Wednesday 7 November 2007

Ecstasy and memory

Went for a miniscule walk yesterday, drawn out by the rays of the autumn sun as if by golden reins. Stood under the silver birch (oh, isn’t the name already beautiful!) at the end of my block, sniffed its cracked white bark and looked up to the long trailing branches floating like strands of hair in the soft wind that was more like a gentle breath out. The rustling of the wind in the leaves sounds different now, it’s more of a crackling sound, you can hear the dryness of the leaves. Stepped away from my lovely tree when my time was up and walking towards home I kept turning back and saw that there was a lovely gradation of colours in the foliage: around the crown’s tip oranges and ochres prevailed, below yellowish tints spread and furthest down just-still-green hovered.
Today I haven’t got enough steps in me to take me out of the house, so it’s just as well that I can get some of yesterday’s ecstasy back by writing about it here.
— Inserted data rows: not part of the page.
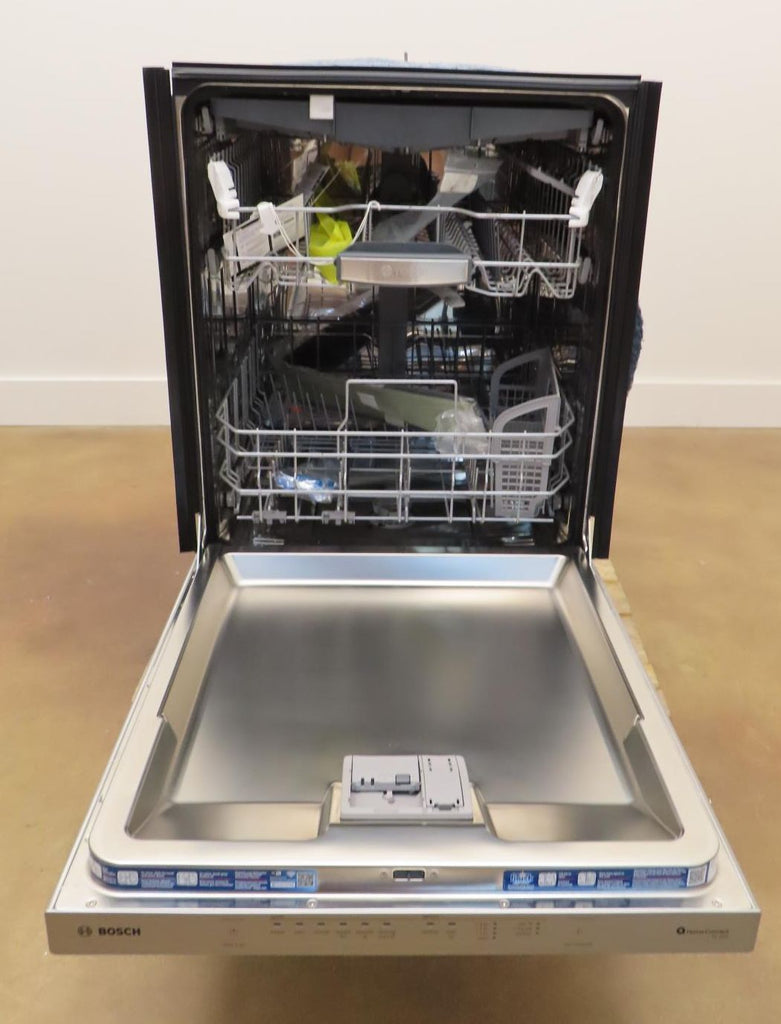 Bosch 500 Series SHP65CM5N 24 in Fully Integrated Built-In Smart Dishwasher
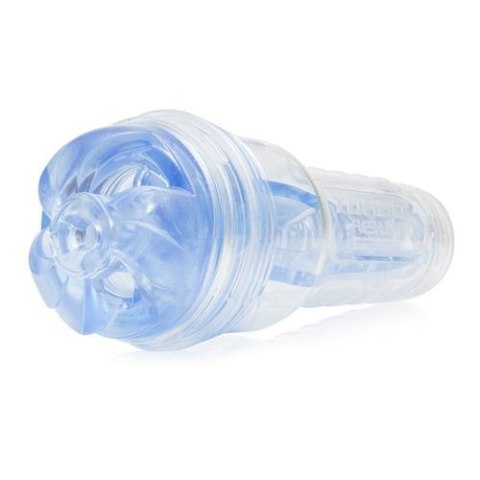 Masturbator Transparentny - Turbo Thrust Blue Ice-Fleshlight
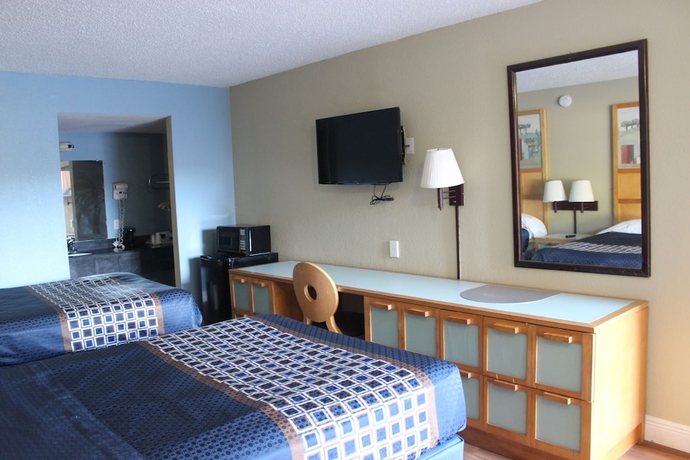 Imagen de la habitación del Hotel Tampa Inn - Near Busch Gardens. Foto 4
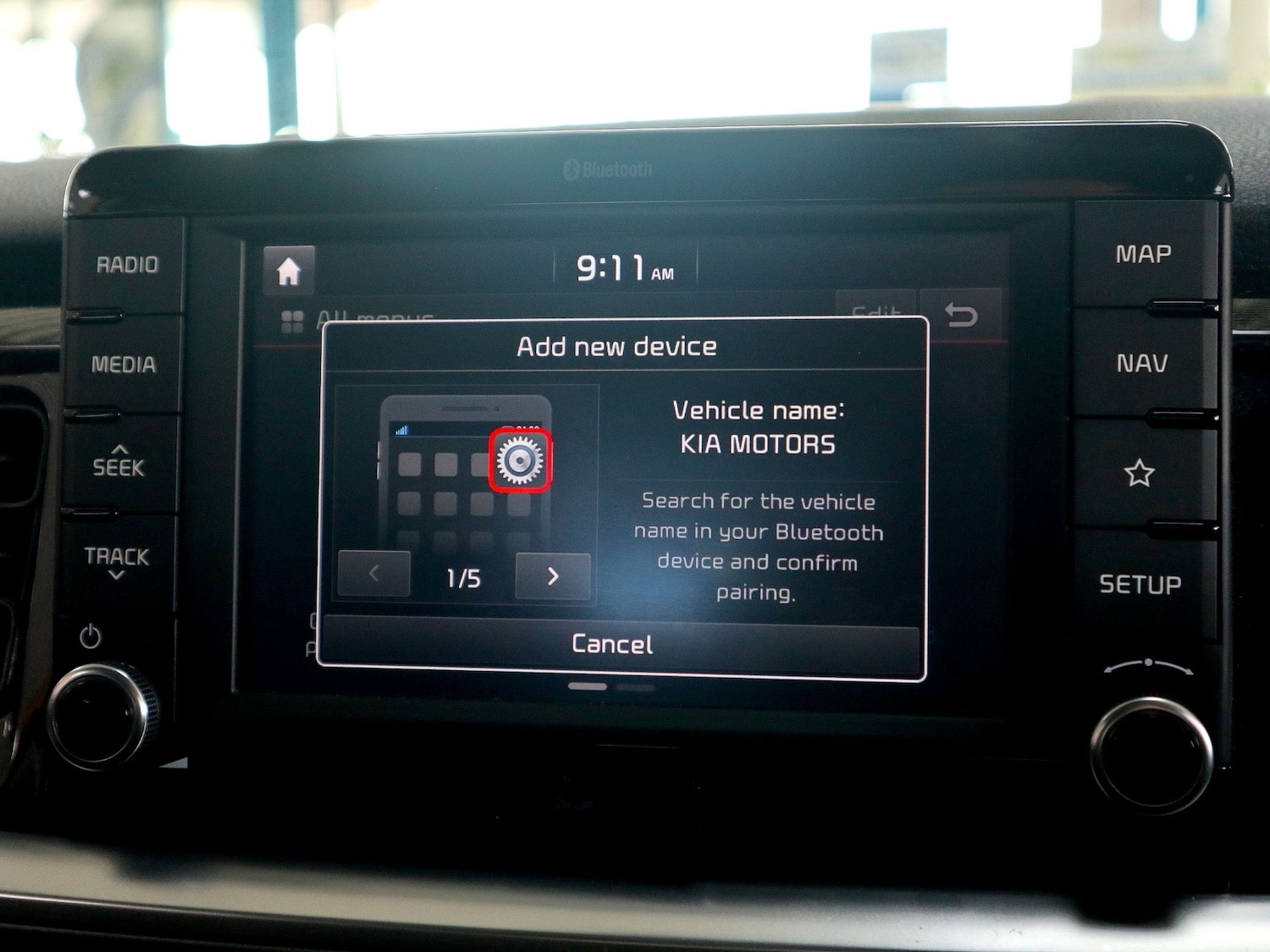 Used Kia Stonic 2020 for sale - 76107585: Photo 29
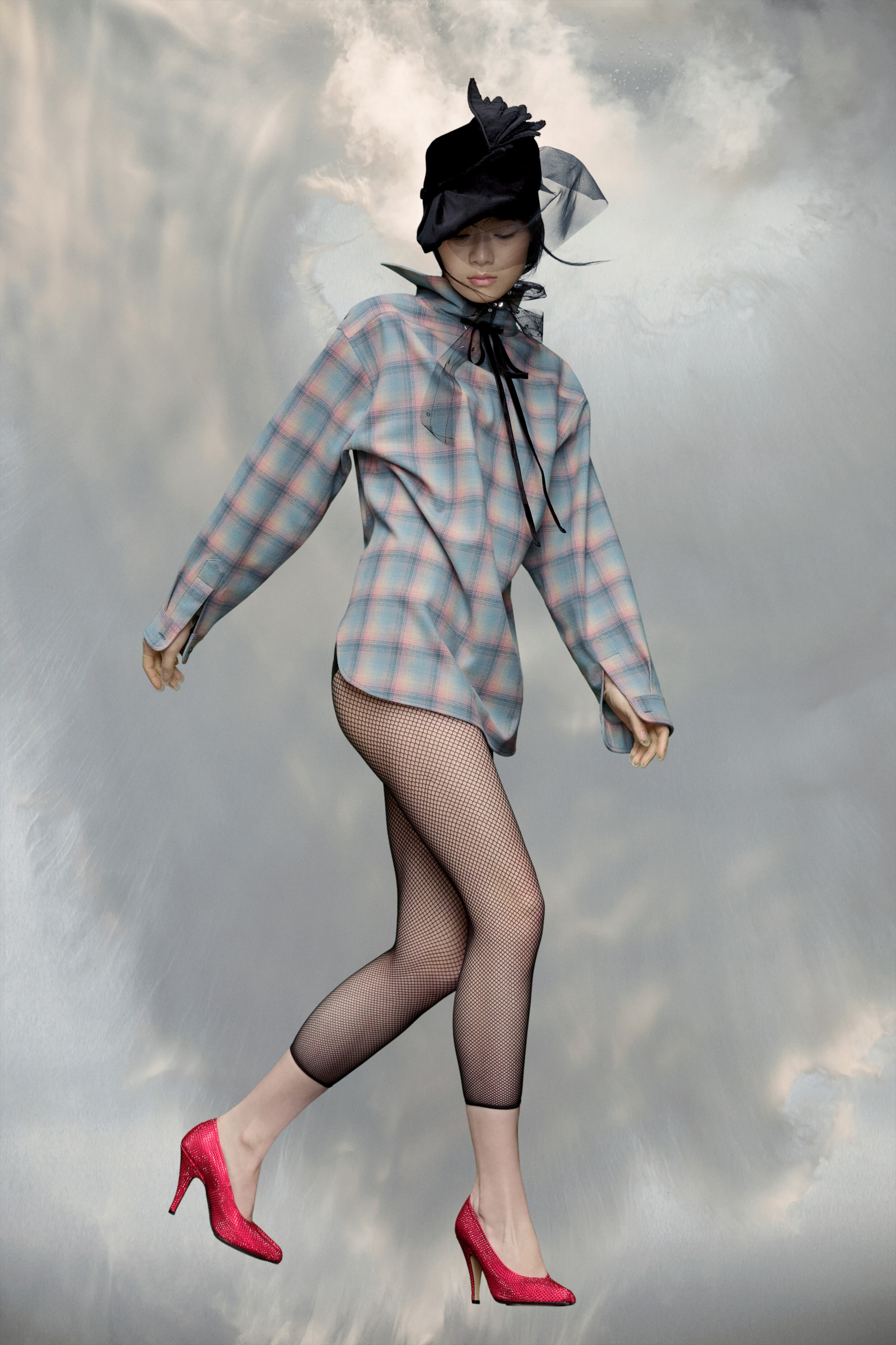 Pendleton wool shirt - 3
For a moment I lamented that I hadn’t taken my camera then but actually the process of writing engraves these images in my brain more clearly and more permanently. I have to work to conjure them up again and find just the right words - through that small and delicious effort I relive the experience whereas with a photo I’d lazily stay on its surface, I think. So with every word I write here I imprint myself with the look of that tree, the feel of that gentle breeze, the scent of that bark.

4 comments:

redredday said...

hi Marjojo, reading this...and imagining i could smell the silver bark too (even though i don't know what it smells like at all)...
also wondering if even before M.E. you had always had such intense appreciation and observation of these things around you...?
i did go on my trails earlier in the day today but don't think i had a moment nearly intense as yours. i just love reading what you write and seeing it all through your senses.

Anne-Laure said...

Hi Marjojo
I am excited about your poetry, (it's so funny, how I also will have a list of projects I want to work on, and then when I get down to it, it's as though my creative side just goes off and does something totally different, almost as though it wanted to assert its freedom). I see the words that you use in your blog as a part of your art, another layer that gets woven into the work, creating an ongoing story.

Ursula Achten said...

There is a Zen-like quality in how you-reduced in your energy - are totally aware of your surroundings. You haven't got the chance to hurry on so you make the best of it: Concentrate! Feel! Describe!
It's beautiful, Marion! And it's a chance!

mansuetude said...

Hello:

This is so beautiful. I feel a love for these birch too, and yes, writing engraves something in me as well--and sometimes i take the picture and its only when i edit the photos that i might see some detail...so i do a lot of up close photography.